The new Olympus E-M1 arrived yesterday. I picked it up on the way to the office 
and charged the battery there. My first test of it after I got home from the 
office was to stick a lens on it, and drag it out to the club.

With the Panasonic/Leica Summilux-DG 25mm lens, focusing for still snaps was 
near instantaneous and quite accurate. Out of 200+ exposures I made, just 
snapping around like a tourist with an instamatic at a party, only about six 
were poorly focused. 

I left the camera on its defaults, changing only that it would capture JPEG Ln 
+ raw and setting the ISO to 6400 and 12800, and setting it to S-AF+mf so I 
could play with the manual focus. Here are a few JPEG+raw pairs at what I think 
is somewhere around EV 0-1 light in club lighting (mostly red and purple gels). 
(There's also a video at ISO 6400, again made using the camera defaults; the 
link is right near the bottom of the page below.)

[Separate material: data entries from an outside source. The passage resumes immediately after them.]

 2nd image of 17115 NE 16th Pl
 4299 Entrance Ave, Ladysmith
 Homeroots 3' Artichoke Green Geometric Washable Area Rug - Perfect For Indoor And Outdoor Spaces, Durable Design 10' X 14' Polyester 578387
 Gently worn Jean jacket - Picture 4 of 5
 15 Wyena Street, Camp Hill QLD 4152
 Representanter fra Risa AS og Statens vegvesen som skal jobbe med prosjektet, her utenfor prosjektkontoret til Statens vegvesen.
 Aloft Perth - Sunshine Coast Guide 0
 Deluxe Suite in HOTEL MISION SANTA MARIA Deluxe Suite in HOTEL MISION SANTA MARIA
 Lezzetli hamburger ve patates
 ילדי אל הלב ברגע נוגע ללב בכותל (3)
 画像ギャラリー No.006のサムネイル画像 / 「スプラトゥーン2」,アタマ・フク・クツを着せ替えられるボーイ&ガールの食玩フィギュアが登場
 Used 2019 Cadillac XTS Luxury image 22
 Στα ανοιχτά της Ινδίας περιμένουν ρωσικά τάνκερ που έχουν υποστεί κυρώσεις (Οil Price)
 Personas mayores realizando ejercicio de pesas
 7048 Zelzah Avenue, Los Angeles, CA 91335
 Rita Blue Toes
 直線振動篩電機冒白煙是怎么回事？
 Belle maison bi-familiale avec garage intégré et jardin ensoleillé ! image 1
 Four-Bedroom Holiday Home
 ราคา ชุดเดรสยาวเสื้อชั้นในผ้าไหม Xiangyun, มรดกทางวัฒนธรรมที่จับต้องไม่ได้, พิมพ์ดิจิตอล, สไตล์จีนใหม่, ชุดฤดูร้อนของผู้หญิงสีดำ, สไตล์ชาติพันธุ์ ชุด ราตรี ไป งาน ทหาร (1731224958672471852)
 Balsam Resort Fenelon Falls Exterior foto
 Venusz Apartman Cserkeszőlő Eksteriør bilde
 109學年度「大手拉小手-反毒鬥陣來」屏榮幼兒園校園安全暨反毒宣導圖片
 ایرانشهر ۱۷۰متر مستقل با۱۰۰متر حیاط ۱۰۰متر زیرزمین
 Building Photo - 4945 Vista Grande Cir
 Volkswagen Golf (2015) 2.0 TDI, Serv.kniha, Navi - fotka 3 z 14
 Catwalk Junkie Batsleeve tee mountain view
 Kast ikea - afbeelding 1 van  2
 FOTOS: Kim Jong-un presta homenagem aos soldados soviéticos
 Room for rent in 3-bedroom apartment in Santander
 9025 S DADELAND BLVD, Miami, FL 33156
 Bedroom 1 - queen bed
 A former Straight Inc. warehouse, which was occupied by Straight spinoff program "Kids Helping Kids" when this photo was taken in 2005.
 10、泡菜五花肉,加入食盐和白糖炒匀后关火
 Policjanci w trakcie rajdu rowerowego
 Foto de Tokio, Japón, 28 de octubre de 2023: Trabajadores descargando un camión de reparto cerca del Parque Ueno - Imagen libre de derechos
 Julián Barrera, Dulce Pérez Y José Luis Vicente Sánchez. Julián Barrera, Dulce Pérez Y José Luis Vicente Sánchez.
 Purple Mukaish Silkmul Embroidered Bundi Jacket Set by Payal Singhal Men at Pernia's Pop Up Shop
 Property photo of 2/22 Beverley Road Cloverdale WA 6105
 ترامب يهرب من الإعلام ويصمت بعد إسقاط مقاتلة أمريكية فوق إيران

https://dl.dropboxusercontent.com/u/25268645/oly-em1-low-light/index.html

I'm satisfied that the E-M1 has plenty of sensitivity for my needs. It's a very 
fast and responsive camera in use too. It's a bit small for my hands without 
the HLD-7 battery grip fitted, I hope that arrives soon, but even so it was 
comfortable to hold and use, and all the controls work nicely. I had NO trouble 
focusing manually even without any focusing aids enabled, the electronic 
viewfinder is terrific. So is the image stabilization, best I've used. I found 
its defaults good enough for a quick session, I hardly used anything other than 
the super control panel display and the shutter release. 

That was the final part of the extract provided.